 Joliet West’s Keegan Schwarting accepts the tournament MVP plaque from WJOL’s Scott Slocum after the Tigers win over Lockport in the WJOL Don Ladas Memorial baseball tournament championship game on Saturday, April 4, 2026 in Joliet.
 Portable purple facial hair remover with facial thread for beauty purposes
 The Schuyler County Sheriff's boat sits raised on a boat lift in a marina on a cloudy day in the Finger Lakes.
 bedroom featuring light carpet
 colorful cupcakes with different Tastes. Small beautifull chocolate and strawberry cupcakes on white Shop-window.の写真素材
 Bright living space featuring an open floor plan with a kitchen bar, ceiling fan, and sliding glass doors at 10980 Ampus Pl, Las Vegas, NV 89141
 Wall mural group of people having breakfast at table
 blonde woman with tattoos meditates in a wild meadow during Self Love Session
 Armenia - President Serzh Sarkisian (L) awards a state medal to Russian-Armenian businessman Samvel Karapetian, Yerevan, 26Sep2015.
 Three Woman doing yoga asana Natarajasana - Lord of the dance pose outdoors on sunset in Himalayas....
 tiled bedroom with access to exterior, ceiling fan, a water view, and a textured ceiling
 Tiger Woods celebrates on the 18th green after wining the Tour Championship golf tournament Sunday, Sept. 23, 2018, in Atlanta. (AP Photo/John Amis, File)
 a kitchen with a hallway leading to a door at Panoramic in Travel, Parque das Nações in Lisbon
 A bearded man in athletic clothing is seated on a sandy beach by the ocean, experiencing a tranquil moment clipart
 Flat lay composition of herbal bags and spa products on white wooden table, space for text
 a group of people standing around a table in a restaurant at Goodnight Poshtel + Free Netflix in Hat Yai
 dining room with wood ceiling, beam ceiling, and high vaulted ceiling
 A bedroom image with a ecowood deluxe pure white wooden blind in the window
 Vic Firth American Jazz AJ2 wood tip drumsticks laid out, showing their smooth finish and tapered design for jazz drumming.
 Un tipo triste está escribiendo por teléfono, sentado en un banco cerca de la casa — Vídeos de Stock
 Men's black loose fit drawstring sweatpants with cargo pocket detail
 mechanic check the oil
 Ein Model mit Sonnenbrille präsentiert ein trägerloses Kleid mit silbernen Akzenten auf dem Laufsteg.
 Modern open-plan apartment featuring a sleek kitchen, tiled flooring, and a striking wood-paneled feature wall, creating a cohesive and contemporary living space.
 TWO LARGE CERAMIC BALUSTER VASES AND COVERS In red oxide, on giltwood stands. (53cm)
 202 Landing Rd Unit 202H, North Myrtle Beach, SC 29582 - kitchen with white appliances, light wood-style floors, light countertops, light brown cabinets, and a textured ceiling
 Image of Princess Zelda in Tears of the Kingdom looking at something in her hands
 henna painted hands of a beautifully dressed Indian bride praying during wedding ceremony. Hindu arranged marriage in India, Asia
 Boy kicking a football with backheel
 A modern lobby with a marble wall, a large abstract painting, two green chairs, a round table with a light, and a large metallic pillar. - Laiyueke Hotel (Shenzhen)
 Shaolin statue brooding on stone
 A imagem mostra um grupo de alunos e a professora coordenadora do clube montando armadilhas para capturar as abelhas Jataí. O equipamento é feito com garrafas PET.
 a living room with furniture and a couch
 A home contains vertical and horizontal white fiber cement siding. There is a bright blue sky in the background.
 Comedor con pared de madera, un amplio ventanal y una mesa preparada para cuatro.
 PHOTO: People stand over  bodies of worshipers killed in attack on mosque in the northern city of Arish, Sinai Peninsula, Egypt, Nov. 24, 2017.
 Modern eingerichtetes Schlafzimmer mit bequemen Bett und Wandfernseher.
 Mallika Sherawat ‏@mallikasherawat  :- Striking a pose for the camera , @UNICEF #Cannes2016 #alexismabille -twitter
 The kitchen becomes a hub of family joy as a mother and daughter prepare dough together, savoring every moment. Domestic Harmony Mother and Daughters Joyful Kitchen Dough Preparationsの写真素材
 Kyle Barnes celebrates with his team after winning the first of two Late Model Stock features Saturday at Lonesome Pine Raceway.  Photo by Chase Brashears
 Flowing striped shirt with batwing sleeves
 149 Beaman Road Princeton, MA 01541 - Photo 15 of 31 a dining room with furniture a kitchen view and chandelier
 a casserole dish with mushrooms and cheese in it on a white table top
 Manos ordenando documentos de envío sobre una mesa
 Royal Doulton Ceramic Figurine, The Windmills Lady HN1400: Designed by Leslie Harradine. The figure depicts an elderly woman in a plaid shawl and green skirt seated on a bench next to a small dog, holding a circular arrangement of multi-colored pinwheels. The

○ ○ ○ ○ ○ ○ ○

- TO DO -
Collect every line with the string "tiled" from the records, and copy each.

- YOUR RESPONSE -
 tiled bedroom with access to exterior, ceiling fan, a water view, and a textured ceiling
 Modern open-plan apartment featuring a sleek kitchen, tiled flooring, and a striking wood-paneled feature wall, creating a cohesive and contemporary living space.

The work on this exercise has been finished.